We don’t know about the rest of the country, but “muddling along” is definitely what’s ahead for Greater Rome and surrounding counties, based on a report released earlier this month by the U.S. Bureau of Economic Analysis. The report shows wages across Northwest Georgia down from 2007, the onset of the recession, through 2010. Declines ranged from a low of 0.3 percent in Polk County to a high of 12.7 percent in Whitfield County. Floyd County registered a modest 0.5 percent decline in total wages and salary.
Many of those wage losses come from the region’s manufacturing sector, which once was a mainstay of local economies across the region.
According the Bureau of Economic Analysis’ report: The manufacturing sector in Floyd County reported a 5.9 percent drop in its manufacturing pay over the past four years, but other Northwest Georgia counties fared much worse. In Catoosa County wages and salary in the manufacturing sector dropped a whopping 35.6 percent.

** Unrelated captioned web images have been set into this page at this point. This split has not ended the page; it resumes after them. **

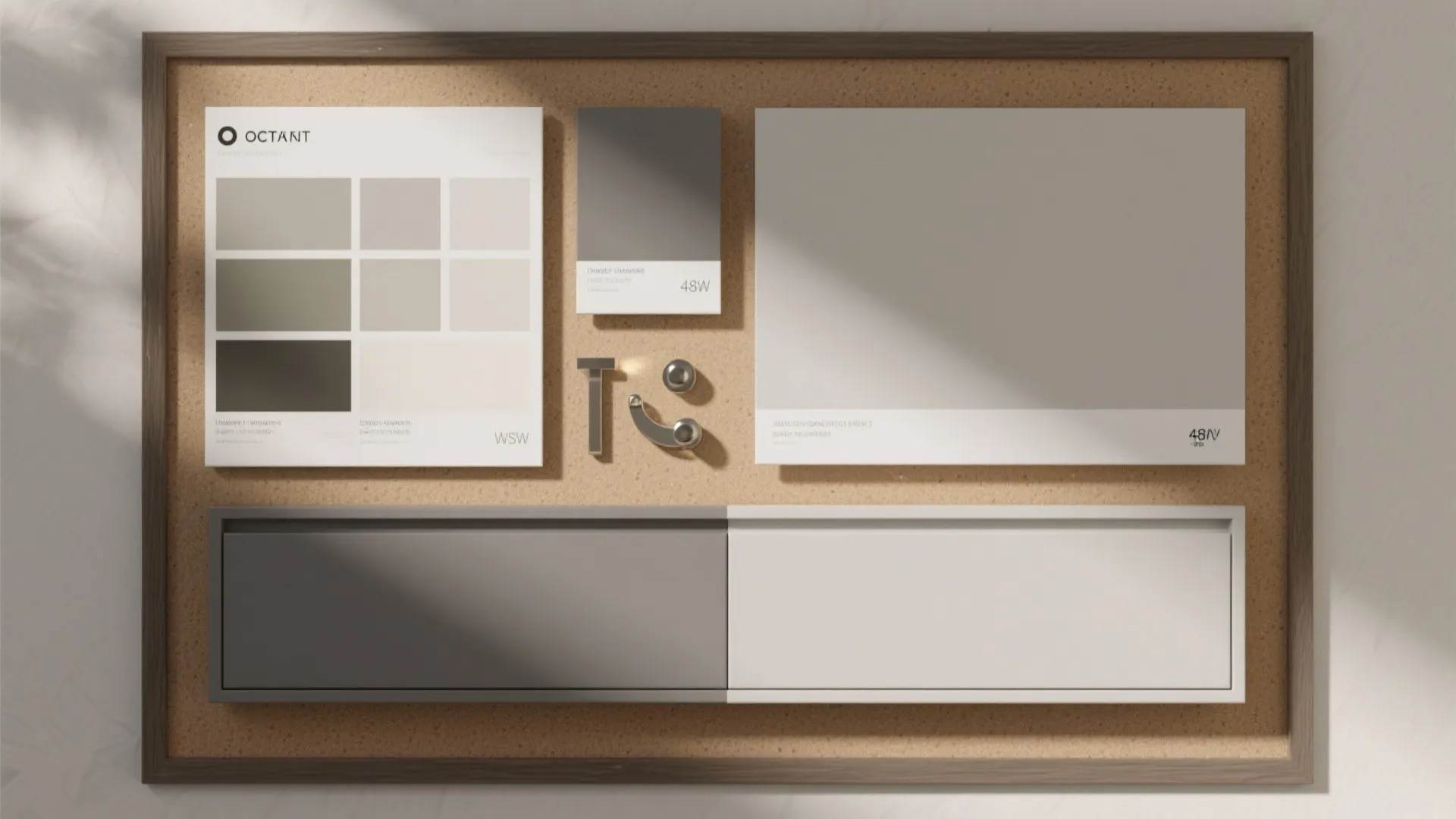 5. Two-tone front with painted walls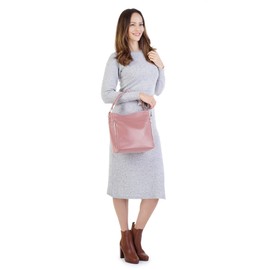 Cluty Women's Genuine Leather Handbag | | 020843, Purple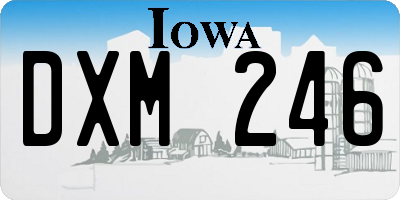 IA license plate DXM246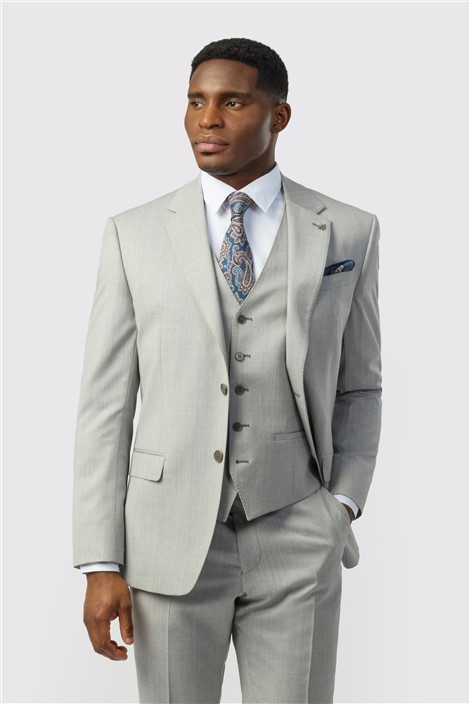 Ted Baker Tailored Fit Super 110s Grey Twill Jacket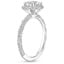 Platinum Nova Halo Diamond Ring (1/2 ct. tw.), smallside view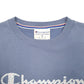 Womens Grey Champion Script Crewneck Jumper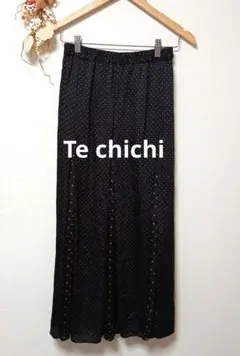 Tel chichi テチチ ドット フレア ロング スカート総柄 カワイイ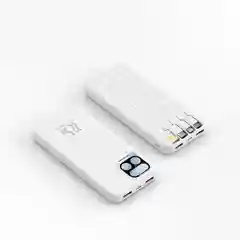 Повербанк 20000mah / Портативный внешний аккумулятор powerbank со встроенными кабелями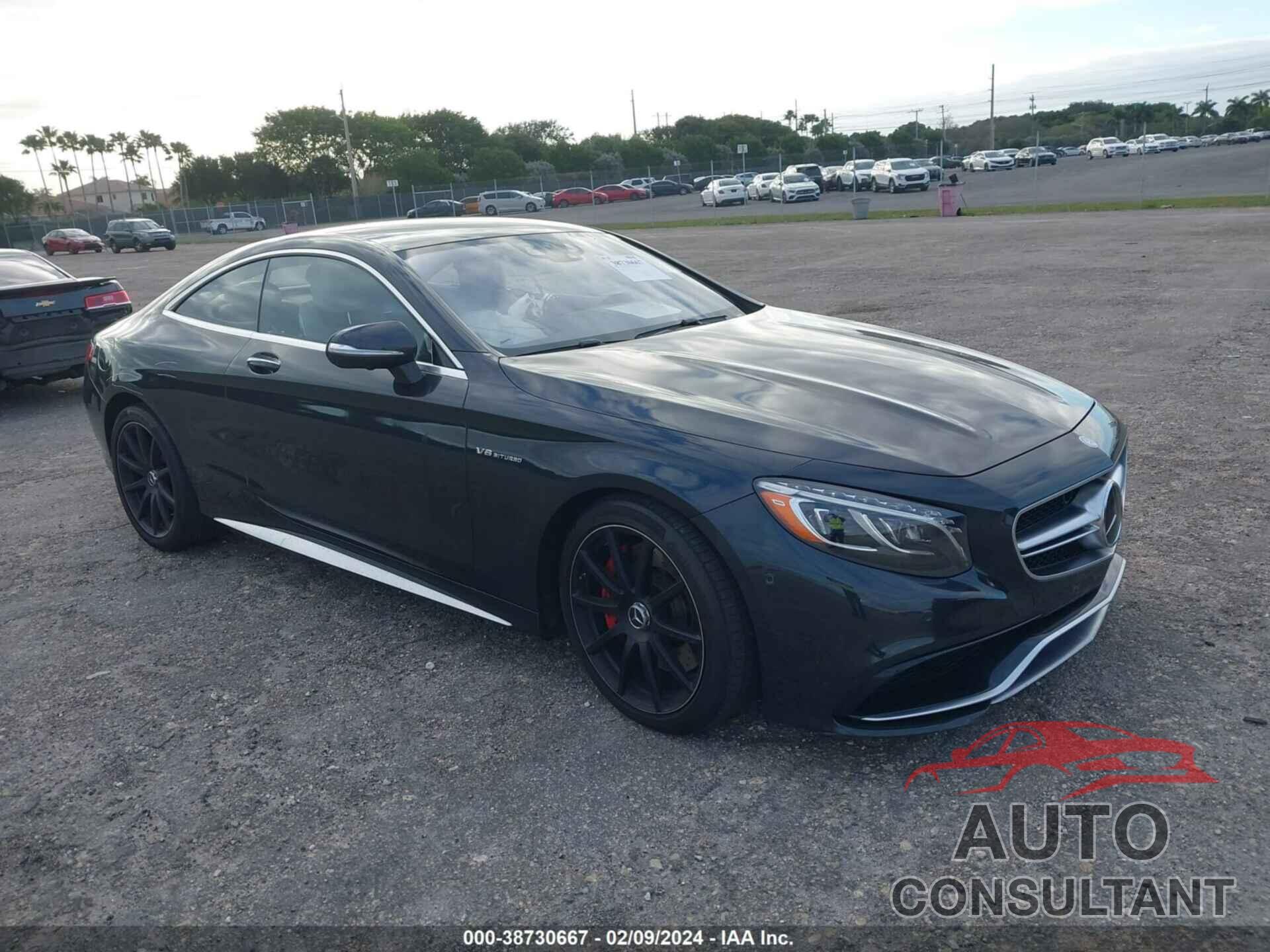 MERCEDES-BENZ AMG S 63 2016 - WDDXJ7JBXGA014602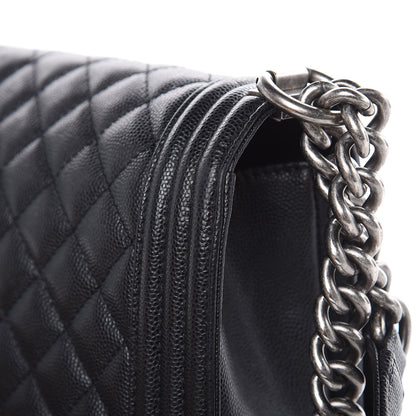 Chanel Caviar Quilted Medium Boy Flap Black 11 of 14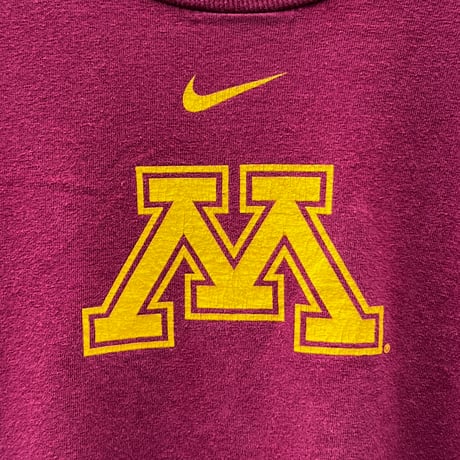 NIKE MINESOTA/ナイキ ミネソタ大 Tシャツ 2000年代 (USED)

Whitfield County and Walker County each had double-digit percentage declines in manufacturing at 19.5 and 15.5 percent respectively.
The true key to a restoration of Northwest Georgia’s manufacturing sector is closely tied to a rebound in the nation’s housing sector. Until housing rebounds, key Northwest Georgia industries — think carpet and wood flooring, among others — cannot begin to return to pre-recession production levels. And the housing news is not good.
Mark Vitner, a senior economist with Wells Fargo Securities, told the AP there were roughly 2 million homes in foreclosure nationwide, 2 million homes with delinquent mortgage payments and 2 million bank-owned homes that weren’t even on the market. It all puts downward pressure on prices and makes gauging the true supply of homes difficult. “Because of that unknown supply and pressure on home prices, a lot of potential sellers are not putting their homes on the market,” Vintner told the AP. In addition, “builders are holding on to cash” and staying on the sidelines until a clearer housing recovery takes hold.
There was a time, not that many years ago, when upwards of 30 percent of Floyd County employment was in manufacturing. The loss of manufacturing jobs is especially painful because for each manufacturing job that is created, as may as four other jobs are created, says William Steiner, executive director of the Northwest Georgia Regional Commission.
“The truth wealth of a nation is based on its ability to manufacture and export products and quite frankly we’re losing that edge,” Steiner told this newspaper. “If we don’t begin to get it back, this country is going to wind up in a very sorrowful state.”
Beyond manufacturing, workers in both the private and public sectors have faced layoffs and furloughs, both of which act to decrease total wages in the region. For example, Floyd County’s retail sector’s wages and salaries saw a 10.4 percent drop between 2007 and 2010.
While families can deal with salary drops in the 5.9 percent to 10.4 percent range in the short term, economists worry about the long-term consequences. Robert Reich, who served as labor secretary in the Clinton administration, told the AP that whittled-down paychecks will erode spending power and thus lead to fewer sales, weak hiring and stagnant wages, creating a vicious cycle.
Certainly, if the Greater Rome families that have experienced the 5.9 percent drop in manufacturing wages or the 10.4 percent drop in retail wages see those losses continue for too long, the loss of spending power will further hit retailers and the manufacturers of big-ticket items.
We can handle the short-term effects of wage losses. What we should worry about is that stagnant wage power staying around this region too long. Greater Rome and all of Northwest Georgia need to see a rebound in manufacturing.